土地の権利関係が複雑な場合、事実上売却が困難に…
(1)凹みの理由
相続を契機に不動産が売りに出されることはよくありますが、その場合には以下の凹みがある場合があります。
凹み①不動産を共有することになった相続人が複数いて、相続人間の意思統一ができておらず、正式に売却となるのか不透明である
凹み②相続登記がされておらず、売買契約の売主が特定できない状態であるがゆえに、売買契約を締結できない
凹み③②の場合で遺言書がない場合は、法定相続人全員による遺産分割協議が必要であるが、相続人の一部に所在不明の者や未成年者がいて、直ちには遺産分割ができない
このような凹みがあると、なかなか不動産の売却が進まず、広く買主を募集することができませんので、基本的には物件価格は下がっていく方向に働きます。
凹み①相続人全員の意思が合致しない
遺産分割の場面でよく起こるトラブルとして、共有名義の土地を相続したことによって発生するものがあります。
土地がもともと共有の場合、共有者のうち1人が死亡すると、その共有持分が相続人に相続されます。すると、土地共有者がさらに増えてしまううえ、共有者どうしの面識もないことが多いため、土地の処分などが極めて難しくなりますし、固定資産税を誰が支払うかなどについてもトラブルになることがあります。
例えば、相続財産である実家を姉2分の1、弟2分の1で共有して相続したとします。その翌年、姉が病気で死亡し再度相続が発生し、姉の法定相続人は、配偶者と子供2人だったとします。姉にはめぼしい財産がほとんどなかったため、この2分の1の実家の持分を配偶者2分の1、長男4分の1、次男4分の1の割合で相続したとします。すると、実家という1つの不動産に対して権利を有する人物が弟(持分2分の1)、姉の配偶者(持分4分の1)、姉の長男(持分8分の1)、姉の次男(持分8分の1)の4人に増えてしまうのです。そうなると、土地・建物の売却や管理に関する意思決定をしていくことがきわめて困難になります。
そこで、このように、土地の権利関係が複雑になっている場合、事実上売却することが困難になります。不動産相続にあたって、とりあえず共有という相続方法をとれば、その場は比較的簡単に遺産分割協議を合意させることができますが、実はそれは遺産分割という問題を根本的に解決できているわけではなく、将来に先送りしているだけなのです。これが凹み①です。
凹み②相続登記がされていない
相続登記が未了の物件というのは、不動産取引においてはよくあることです。相続発生後、遺産分割協議に争いが生じたり、相続人の範囲が未だ確定できずに、相続登記を行わずに登記懈怠(けたい)となっているようなケースです。

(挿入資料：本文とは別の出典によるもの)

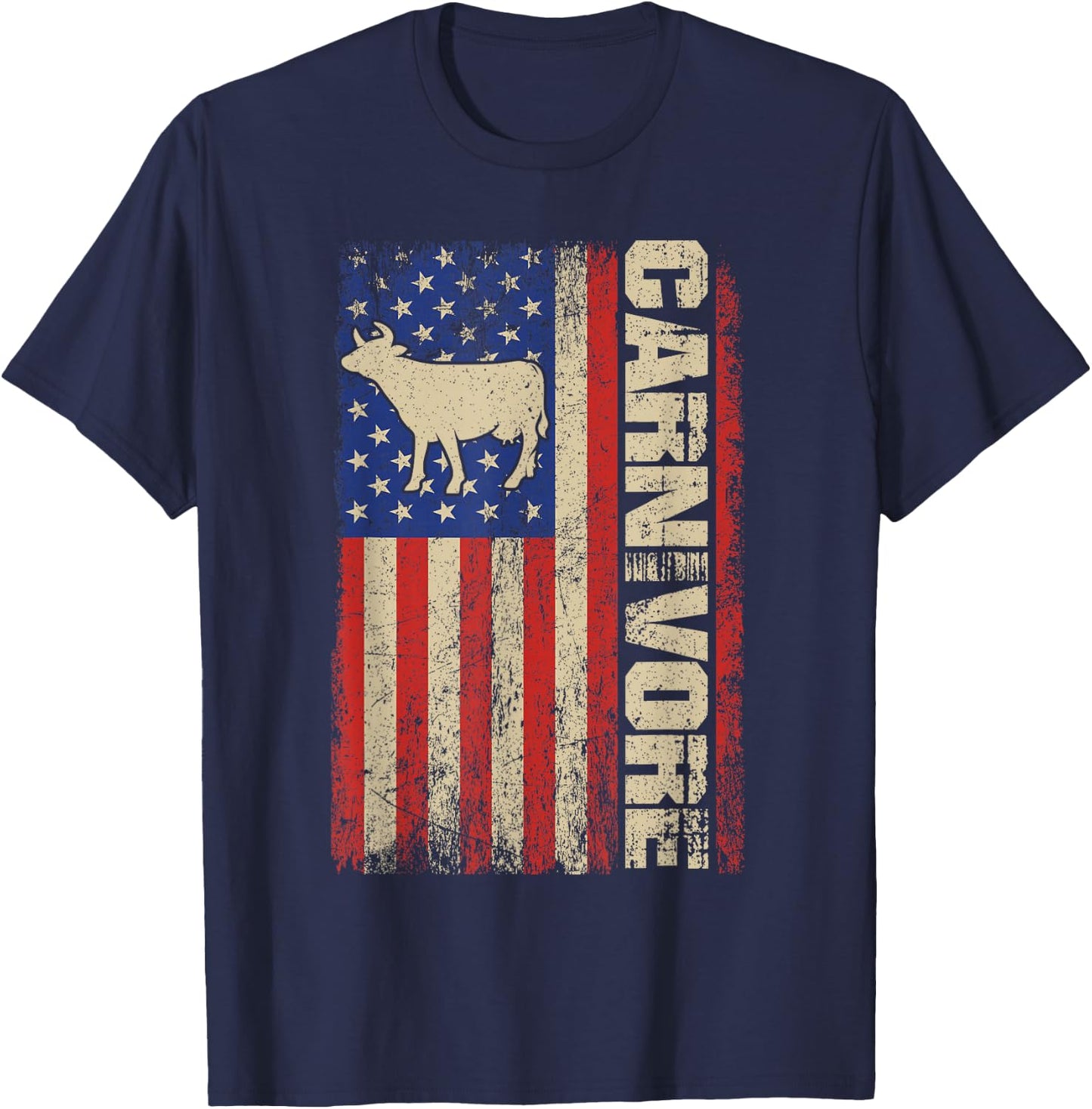 Carnivore Meat Smoker Gifts -Adults Black Small Classic Fit Short Sleeve Anti-Vegan Anti-Vegetarian Keto Diet T-Shirt - T-Shirt | Navy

相続登記未了の場合、戸籍謄本を取り寄せ、被相続人の相続人が誰であるのか相続人の範囲を確定する必要があります。そして相続人が誰であるのか確定したところで相続登記を行い、相続人から買主への所有権移転登記となります。通常は、被相続人→遺産分割で所有権を取得した相続人→買主という流れです。
例外として、他の相続財産があって全相続財産についての遺産分割はできないとしても、本件物件については売却するという合意が形成される場合、いったん、相続人全員で相続分通りの共有持分として相続登記をして、全相続人の合意のもと、被相続人→相続人全員→買主という流れで移転登記することもあります。
この点、原則の流れで相続登記をするためには、遺言書などがない限り、法定相続人全員により遺産分割協議を行い、全員の印鑑証明書付きの遺産分割協議書を法務局(登記所)に提出する必要があります。
相続登記が一代されていないだけで、相続人が複数いて遺産分割協議をすることが困難な場合もあるのですが、ときには代々相続登記がなされていないこともあります。相続登記未了で何代も前の所有者名義のまま放置されている場合は、法定相続人が多数に上る可能性があります。一般的に相続権が親から子、子から孫へと世代を重ねるごとに範囲が拡大し、子がない場合には兄弟姉妹にも権利の範囲が広がるため、法定相続人が多数になるのです。
そうなると、遺産分割協議ができないということで、売買契約を締結することができず、買主はあきらめるほかありません。これが凹み②です。